**TASK TO CARRY OUT**
Transcribe the data below verbatim from the line with "Toàn cảnh lễ khai giảng" to the line with "Hộ Vệ chương 98 - trang 25". Include both of those lines.

**DATASET RECORDS**
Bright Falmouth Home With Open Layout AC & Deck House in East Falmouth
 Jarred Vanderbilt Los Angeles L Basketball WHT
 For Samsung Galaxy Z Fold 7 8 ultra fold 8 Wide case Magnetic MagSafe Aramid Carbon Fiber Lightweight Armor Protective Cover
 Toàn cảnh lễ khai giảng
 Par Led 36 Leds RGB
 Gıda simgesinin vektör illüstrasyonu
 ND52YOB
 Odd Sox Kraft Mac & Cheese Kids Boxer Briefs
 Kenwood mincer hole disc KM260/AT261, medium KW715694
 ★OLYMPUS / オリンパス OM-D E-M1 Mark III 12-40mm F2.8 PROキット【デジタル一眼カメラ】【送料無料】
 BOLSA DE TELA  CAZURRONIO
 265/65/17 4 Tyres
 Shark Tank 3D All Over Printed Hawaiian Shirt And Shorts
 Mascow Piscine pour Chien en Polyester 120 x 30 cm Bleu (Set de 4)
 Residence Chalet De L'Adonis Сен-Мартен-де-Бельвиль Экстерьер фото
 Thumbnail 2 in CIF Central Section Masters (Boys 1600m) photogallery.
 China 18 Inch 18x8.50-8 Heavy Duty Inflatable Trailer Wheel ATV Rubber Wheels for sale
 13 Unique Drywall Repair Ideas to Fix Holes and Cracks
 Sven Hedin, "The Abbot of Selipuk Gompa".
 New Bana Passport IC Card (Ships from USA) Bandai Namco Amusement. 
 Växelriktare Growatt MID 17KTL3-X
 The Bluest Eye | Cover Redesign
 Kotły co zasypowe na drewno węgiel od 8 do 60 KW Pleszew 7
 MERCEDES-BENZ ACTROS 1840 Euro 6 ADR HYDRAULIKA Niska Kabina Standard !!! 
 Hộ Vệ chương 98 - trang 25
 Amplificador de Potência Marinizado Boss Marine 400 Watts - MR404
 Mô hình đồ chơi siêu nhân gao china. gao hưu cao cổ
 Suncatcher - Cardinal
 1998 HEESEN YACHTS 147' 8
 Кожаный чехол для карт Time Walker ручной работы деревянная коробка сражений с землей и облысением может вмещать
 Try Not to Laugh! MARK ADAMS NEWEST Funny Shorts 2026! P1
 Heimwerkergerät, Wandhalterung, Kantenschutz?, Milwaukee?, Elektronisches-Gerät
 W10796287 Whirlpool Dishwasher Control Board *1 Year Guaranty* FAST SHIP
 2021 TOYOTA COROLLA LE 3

**SOLUTION FOR THIS EXERCISE**
 Toàn cảnh lễ khai giảng
 Par Led 36 Leds RGB
 Gıda simgesinin vektör illüstrasyonu
 ND52YOB
 Odd Sox Kraft Mac & Cheese Kids Boxer Briefs
 Kenwood mincer hole disc KM260/AT261, medium KW715694
 ★OLYMPUS / オリンパス OM-D E-M1 Mark III 12-40mm F2.8 PROキット【デジタル一眼カメラ】【送料無料】
 BOLSA DE TELA  CAZURRONIO
 265/65/17 4 Tyres
 Shark Tank 3D All Over Printed Hawaiian Shirt And Shorts
 Mascow Piscine pour Chien en Polyester 120 x 30 cm Bleu (Set de 4)
 Residence Chalet De L'Adonis Сен-Мартен-де-Бельвиль Экстерьер фото
 Thumbnail 2 in CIF Central Section Masters (Boys 1600m) photogallery.
 China 18 Inch 18x8.50-8 Heavy Duty Inflatable Trailer Wheel ATV Rubber Wheels for sale
 13 Unique Drywall Repair Ideas to Fix Holes and Cracks
 Sven Hedin, "The Abbot of Selipuk Gompa".
 New Bana Passport IC Card (Ships from USA) Bandai Namco Amusement. 
 Växelriktare Growatt MID 17KTL3-X
 The Bluest Eye | Cover Redesign
 Kotły co zasypowe na drewno węgiel od 8 do 60 KW Pleszew 7
 MERCEDES-BENZ ACTROS 1840 Euro 6 ADR HYDRAULIKA Niska Kabina Standard !!! 
 Hộ Vệ chương 98 - trang 25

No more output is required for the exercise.